# Question about Bolt and heat.



## mattyro7878 (Nov 27, 2014)

I have an original Bolt 4 tuner cable/ota. Bought brand new when it first came out. Over the years I have seen and read all the hub bub about the heating and cooling issues with various Bolts. Mine has not had an issue the whole while I have owned it. Today I checked and the ODT was 64. I put a fan behind it and lifted it a half inch. Temp dropped to 57. My question is ... Will the drop in temperature have any negative effects? It seemed to be quite happy chugging along at 64 with no cooling. I can't imagine lowering the temperature could be bad but I'm just looking for opinions.


----------



## UCLABB (May 29, 2012)

mattyro7878 said:


> I have an original Bolt 4 tuner cable/ota. Bought brand new when it first came out. Over the years I have seen and read all the hub bub about the heating and cooling issues with various Bolts. Mine has not had an issue the whole while I have owned it. Today I checked and the ODT was 64. I put a fan behind it and lifted it a half inch. Temp dropped to 57. My question is ... Will the drop in temperature have any negative effects? It seemed to be quite happy chugging along at 64 with no cooling. I can't imagine lowering the temperature could be bad but I'm just looking for opinions.

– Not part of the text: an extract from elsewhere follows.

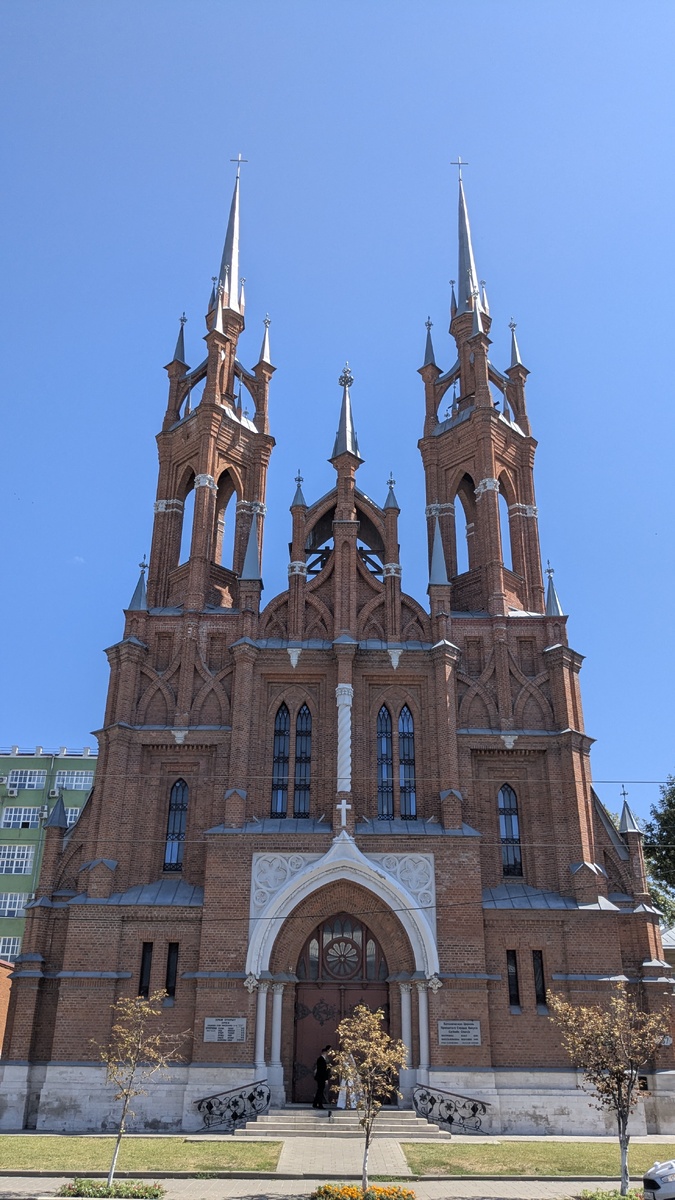 Вид на польский костёл с улицы Фрунзе. Высокие шпили и красный кирпич выделяются среди обычных городских домов. Контраст, который сразу приковывает взгляд.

Cooler certainly won't hurt. But, I think the heat was blamed for the HDD failures that probably failed regardless of heat. After my first drive failed I put a fan underneath and cooled it down, but the drive still failed again. I simply went to external drive after that. The drives that were failing were 3tb. You have a a 1tb or smaller, right?


----------



## mattyro7878 (Nov 27, 2014)

Correct. I have the original 500gb drive. This unit has been trouble free since purchased.


----------



## JandS (Oct 1, 2010)

It'll be fine until it isn't. Listen to lesson from the great unwashed (me, me! pick me!). Backup anything you want to keep, so you can replace HD or get a WeaKnees external or whatever.


----------



## dianebrat (Jul 6, 2002)

Plenty of us have been running Bolt and Bolt+ units from their release days without additional cooling and they have been fine, but mine aren't locked up in cabinets, mine sit on another device or by themselves in the open.


----------



## DouglasPHill (Feb 10, 2005)

Just removing the cable card door will drop the temp 5 degrees. (on mine anyway)


----------



## mattyro7878 (Nov 27, 2014)

Mine is all by itself out in the open. Like I said no problems but these forums can make you worry when there's no need!!


----------



## Doc Holiday (Dec 31, 2016)

Mine was 67C stock and I didn't like how warm it felt. Almost immediately, I bought a single fan laptop cooler for it to sit on. I also replaced the fan with the Noiseblocker XS-2 and placed a capacitor on the fan. Someone in the forum recommended the cap to reduce the fan clicking, but it also had the side effect of increasing the fan speed. My Bolt runs at 44C now and I much prefer it. I have almost 4 years on a 2 TB Toshiba drive and have never had an issue (knock on wood!).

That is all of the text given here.